O primeiro 'cluster' robótico espacial da China foi concebido para apoiar equipas, acelerar inspeções a comboios e tornar as viagens de metro mais seguras.
Numa das épocas de maior movimento do ano, passageiros em Hefei, cidade na província de Anhui, no leste da China, foram recebidos não só por comboios, mas também por robots.
Assistentes humanoides, cães-robô de inspeção de quatro patas e drones patrulharam estações e túneis de metro, ajudando passageiros com indicações, verificando infraestruturas e detetando falhas.
Trata-se do primeiro "aglomerado de robots" de cobertura total da China para o transporte ferroviário, implementado durante a grande vaga de viagens do Festival da Primavera.
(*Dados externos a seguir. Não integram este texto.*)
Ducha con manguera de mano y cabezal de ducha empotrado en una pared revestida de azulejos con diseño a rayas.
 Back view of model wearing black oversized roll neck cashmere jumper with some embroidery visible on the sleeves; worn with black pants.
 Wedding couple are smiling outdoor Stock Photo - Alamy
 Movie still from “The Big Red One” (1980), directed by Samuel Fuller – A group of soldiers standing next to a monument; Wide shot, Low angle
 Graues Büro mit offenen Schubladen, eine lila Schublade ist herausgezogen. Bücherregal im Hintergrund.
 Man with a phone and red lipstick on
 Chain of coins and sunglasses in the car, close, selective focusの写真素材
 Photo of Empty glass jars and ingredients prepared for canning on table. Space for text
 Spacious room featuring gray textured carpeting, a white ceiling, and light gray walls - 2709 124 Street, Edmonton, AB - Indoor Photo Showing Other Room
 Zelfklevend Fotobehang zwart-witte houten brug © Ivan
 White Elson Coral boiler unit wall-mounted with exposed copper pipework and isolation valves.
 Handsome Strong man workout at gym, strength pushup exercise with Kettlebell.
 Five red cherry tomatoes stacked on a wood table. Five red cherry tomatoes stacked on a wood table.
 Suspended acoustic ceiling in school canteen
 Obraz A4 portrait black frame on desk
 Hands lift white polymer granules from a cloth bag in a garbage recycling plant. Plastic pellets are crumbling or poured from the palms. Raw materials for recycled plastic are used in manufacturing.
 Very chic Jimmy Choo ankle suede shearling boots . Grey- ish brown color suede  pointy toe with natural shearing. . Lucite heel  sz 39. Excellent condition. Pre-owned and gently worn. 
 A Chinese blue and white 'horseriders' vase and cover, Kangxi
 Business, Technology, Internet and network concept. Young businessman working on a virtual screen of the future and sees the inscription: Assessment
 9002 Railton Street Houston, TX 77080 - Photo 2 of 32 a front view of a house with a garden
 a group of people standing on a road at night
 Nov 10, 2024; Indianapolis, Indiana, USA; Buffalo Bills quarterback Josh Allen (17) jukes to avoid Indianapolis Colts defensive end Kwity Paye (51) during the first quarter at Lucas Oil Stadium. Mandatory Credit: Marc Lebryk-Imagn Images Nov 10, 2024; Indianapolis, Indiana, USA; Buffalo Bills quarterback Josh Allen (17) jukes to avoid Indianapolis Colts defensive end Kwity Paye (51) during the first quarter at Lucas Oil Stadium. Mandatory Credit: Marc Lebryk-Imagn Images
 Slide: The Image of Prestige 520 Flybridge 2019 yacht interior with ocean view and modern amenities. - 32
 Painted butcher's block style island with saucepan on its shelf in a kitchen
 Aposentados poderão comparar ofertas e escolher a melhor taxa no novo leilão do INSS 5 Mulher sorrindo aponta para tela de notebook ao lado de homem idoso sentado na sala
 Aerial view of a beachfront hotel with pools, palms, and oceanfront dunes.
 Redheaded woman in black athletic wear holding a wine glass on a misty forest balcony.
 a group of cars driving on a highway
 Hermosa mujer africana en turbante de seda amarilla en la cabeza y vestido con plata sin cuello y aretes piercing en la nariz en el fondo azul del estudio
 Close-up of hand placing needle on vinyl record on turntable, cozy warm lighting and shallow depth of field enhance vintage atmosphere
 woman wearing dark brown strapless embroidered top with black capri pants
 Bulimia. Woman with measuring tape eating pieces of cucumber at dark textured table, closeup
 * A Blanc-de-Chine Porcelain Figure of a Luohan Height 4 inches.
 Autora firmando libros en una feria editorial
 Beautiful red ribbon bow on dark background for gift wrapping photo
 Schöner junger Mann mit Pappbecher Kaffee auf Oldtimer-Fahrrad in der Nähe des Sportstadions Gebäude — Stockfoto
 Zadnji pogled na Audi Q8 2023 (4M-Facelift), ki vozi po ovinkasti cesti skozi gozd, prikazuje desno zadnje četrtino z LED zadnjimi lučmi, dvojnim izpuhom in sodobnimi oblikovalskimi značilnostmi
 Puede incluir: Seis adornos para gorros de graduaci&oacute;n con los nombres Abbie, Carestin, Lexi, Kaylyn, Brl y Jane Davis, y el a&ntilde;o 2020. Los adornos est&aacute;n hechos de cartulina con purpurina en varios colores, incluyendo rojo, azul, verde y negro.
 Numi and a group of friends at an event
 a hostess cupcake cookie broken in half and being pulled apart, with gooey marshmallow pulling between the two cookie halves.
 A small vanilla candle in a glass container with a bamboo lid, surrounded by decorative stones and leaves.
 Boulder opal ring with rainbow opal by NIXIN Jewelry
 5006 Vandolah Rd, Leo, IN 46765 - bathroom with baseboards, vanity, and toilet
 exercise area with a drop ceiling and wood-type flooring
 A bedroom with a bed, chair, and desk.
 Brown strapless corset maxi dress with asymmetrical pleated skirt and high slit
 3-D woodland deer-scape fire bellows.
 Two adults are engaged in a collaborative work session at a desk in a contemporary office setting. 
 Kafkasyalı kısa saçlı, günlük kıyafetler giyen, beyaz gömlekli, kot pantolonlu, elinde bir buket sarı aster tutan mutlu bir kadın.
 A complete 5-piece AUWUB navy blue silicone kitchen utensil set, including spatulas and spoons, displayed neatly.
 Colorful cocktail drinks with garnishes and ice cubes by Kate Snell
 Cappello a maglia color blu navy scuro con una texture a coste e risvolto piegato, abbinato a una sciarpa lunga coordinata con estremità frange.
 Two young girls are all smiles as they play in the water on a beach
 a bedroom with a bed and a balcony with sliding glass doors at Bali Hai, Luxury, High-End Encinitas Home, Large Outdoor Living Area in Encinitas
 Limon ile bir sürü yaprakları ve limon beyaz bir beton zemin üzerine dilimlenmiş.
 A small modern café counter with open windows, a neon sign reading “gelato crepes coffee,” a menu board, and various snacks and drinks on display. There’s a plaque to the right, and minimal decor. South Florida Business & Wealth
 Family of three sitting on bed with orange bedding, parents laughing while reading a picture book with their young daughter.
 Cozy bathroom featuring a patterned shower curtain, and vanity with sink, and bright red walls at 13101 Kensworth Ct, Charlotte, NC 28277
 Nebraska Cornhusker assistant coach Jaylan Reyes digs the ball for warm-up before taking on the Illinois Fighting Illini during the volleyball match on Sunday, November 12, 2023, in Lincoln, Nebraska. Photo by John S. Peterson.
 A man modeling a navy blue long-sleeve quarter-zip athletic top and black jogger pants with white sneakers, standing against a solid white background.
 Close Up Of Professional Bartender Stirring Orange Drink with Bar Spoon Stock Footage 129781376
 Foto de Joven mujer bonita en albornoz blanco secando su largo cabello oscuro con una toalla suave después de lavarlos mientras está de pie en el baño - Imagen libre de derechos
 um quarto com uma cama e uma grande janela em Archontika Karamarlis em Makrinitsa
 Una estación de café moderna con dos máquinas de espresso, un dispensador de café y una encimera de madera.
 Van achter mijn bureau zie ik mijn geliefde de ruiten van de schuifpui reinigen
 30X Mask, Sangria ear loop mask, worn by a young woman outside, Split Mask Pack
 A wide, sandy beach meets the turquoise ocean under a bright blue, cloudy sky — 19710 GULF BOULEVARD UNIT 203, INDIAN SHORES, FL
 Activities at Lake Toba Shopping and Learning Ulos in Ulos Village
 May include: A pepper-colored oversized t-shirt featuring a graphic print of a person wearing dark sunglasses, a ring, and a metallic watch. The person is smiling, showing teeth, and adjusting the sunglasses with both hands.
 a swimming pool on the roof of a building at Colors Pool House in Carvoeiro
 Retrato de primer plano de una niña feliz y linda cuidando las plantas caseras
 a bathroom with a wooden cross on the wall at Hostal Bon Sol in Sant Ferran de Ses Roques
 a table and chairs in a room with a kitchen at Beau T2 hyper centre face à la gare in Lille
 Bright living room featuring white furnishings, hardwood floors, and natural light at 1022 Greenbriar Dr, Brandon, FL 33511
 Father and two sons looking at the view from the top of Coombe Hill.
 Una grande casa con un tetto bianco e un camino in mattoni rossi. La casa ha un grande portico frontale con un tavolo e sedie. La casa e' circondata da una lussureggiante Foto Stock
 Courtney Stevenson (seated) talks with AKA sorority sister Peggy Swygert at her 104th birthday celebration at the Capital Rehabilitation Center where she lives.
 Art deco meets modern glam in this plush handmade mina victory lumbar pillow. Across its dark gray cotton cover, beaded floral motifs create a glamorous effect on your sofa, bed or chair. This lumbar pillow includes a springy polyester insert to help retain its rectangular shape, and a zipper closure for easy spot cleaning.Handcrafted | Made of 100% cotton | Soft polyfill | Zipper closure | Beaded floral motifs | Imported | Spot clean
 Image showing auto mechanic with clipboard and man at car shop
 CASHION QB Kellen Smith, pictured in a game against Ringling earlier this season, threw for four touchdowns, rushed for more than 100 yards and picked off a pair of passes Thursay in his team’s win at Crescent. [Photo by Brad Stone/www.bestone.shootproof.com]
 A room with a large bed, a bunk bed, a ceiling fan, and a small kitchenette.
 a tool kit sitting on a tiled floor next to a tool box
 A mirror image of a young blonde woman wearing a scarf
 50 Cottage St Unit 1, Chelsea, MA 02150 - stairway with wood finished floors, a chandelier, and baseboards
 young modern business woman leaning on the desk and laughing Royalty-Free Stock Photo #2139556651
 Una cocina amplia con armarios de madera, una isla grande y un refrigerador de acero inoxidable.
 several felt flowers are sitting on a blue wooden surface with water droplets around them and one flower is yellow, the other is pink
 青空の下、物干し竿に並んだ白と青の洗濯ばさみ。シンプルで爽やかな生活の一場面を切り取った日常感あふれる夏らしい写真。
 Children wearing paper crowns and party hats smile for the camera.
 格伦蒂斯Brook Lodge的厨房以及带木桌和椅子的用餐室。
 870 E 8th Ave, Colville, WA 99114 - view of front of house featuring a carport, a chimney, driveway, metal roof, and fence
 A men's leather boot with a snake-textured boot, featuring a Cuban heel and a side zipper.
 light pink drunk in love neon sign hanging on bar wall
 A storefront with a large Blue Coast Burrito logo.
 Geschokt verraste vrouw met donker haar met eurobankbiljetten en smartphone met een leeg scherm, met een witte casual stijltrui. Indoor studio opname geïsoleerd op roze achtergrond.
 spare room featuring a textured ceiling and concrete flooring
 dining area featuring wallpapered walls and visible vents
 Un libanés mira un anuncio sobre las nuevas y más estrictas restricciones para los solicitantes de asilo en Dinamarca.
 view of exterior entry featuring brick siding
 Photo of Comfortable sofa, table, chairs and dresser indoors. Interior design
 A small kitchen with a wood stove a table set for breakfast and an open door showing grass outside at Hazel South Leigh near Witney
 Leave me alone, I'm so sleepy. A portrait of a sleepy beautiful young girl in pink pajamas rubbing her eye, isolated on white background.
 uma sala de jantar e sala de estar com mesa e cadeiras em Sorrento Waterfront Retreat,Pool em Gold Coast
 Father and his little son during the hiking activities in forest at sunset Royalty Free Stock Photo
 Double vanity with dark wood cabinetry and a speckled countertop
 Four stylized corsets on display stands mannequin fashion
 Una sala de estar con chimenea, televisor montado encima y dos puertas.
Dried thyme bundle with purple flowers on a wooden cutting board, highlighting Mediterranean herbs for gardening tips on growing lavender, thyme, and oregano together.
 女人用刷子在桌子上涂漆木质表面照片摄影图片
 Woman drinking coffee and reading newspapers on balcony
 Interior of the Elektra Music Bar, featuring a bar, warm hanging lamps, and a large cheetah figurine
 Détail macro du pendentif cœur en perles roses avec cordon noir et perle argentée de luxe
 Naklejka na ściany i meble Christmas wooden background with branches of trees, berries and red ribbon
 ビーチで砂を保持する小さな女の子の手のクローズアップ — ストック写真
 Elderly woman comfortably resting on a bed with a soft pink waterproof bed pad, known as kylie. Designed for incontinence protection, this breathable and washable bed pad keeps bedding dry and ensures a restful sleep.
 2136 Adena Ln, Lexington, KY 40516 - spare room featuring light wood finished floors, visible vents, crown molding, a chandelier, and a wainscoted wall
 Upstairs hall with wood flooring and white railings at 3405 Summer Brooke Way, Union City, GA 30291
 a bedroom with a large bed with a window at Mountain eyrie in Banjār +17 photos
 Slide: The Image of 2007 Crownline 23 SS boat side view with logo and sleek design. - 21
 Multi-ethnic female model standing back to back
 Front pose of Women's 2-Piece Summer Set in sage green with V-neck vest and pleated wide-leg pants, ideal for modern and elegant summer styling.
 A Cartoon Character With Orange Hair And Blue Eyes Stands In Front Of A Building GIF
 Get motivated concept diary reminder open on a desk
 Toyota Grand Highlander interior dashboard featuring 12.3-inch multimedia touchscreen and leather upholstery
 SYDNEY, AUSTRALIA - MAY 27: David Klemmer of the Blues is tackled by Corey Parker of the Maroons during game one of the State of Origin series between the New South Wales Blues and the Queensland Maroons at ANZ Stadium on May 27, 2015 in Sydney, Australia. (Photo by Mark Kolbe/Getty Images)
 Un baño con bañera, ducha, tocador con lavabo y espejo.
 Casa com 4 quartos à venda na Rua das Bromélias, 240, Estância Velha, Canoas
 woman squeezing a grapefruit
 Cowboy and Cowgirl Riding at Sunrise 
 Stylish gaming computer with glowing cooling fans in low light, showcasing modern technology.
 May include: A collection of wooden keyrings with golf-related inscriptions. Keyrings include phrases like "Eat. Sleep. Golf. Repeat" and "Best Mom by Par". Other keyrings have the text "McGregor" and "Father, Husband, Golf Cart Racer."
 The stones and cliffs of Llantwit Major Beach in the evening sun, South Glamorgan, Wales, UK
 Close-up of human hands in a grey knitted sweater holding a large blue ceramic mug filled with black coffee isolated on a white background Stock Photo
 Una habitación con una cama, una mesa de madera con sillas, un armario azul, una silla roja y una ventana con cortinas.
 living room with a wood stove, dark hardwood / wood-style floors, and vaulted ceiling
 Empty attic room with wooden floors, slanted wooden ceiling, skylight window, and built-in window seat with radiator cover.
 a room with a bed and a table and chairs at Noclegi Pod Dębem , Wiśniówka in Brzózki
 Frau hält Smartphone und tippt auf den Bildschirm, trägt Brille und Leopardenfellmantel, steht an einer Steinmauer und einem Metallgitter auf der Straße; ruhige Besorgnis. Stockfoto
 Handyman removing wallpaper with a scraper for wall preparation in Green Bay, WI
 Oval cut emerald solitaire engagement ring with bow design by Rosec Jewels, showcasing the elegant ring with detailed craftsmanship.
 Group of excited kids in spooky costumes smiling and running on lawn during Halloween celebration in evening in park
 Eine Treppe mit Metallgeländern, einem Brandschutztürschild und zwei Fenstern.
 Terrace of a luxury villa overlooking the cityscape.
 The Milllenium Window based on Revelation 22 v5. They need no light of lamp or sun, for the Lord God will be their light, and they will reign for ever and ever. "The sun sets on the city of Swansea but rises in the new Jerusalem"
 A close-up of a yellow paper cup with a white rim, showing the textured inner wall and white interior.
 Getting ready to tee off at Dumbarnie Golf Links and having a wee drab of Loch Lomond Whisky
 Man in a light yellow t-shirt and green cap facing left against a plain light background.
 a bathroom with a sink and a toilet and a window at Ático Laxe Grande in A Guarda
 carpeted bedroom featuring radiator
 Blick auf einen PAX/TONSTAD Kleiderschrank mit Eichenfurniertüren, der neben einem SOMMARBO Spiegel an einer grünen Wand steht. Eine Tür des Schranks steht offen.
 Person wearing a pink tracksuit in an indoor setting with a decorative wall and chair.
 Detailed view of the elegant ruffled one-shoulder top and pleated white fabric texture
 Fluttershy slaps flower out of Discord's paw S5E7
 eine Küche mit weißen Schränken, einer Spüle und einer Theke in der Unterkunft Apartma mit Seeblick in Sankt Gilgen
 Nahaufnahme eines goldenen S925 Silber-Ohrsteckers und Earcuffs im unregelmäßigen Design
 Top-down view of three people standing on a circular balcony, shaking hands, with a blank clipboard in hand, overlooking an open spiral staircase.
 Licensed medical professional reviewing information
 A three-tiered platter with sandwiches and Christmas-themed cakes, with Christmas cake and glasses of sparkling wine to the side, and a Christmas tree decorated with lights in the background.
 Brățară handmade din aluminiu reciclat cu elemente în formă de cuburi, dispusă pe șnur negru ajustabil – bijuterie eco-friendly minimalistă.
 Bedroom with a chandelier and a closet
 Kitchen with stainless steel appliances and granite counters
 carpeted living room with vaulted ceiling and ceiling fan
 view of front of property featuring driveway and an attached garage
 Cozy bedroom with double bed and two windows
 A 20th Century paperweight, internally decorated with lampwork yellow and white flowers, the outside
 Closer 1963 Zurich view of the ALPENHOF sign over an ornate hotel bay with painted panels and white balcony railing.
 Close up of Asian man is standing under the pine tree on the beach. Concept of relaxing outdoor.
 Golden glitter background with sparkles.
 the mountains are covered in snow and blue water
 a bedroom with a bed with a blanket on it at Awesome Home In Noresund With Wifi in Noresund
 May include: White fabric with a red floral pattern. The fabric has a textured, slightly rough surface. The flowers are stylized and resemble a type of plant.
“A plataforma de despacho inteligente de robots em todo o espaço atua sobretudo em três áreas: serviço inteligente nas estações, inspeção de veículos e inspeção de túneis”, disse Dai Rong, diretor do Centro de Ciência e Educação do Hefei Rail Transit.
“Esperamos que possa apoiar as equipas humanas, aumentar a eficiência do trabalho e reduzir a carga laboral, reforçando as operações do Hefei Rail Transit através da tecnologia.”
Robots na plataforma e debaixo dos comboios
Em várias estações, robots humanoides orientaram passageiros com indicações e informações sobre correspondências, enquanto cães-robô patrulhavam as plataformas para garantir a segurança.
Por baixo dos comboios, robots autónomos de inspeção percorriam valas de manutenção com 1,5 metros de profundidade, verificando rodas, parafusos e outros componentes com câmaras de alta definição e sensores ultrassónicos.
Qualquer fissura ou peça solta era assinalada de imediato, acelerando inspeções que normalmente levariam horas.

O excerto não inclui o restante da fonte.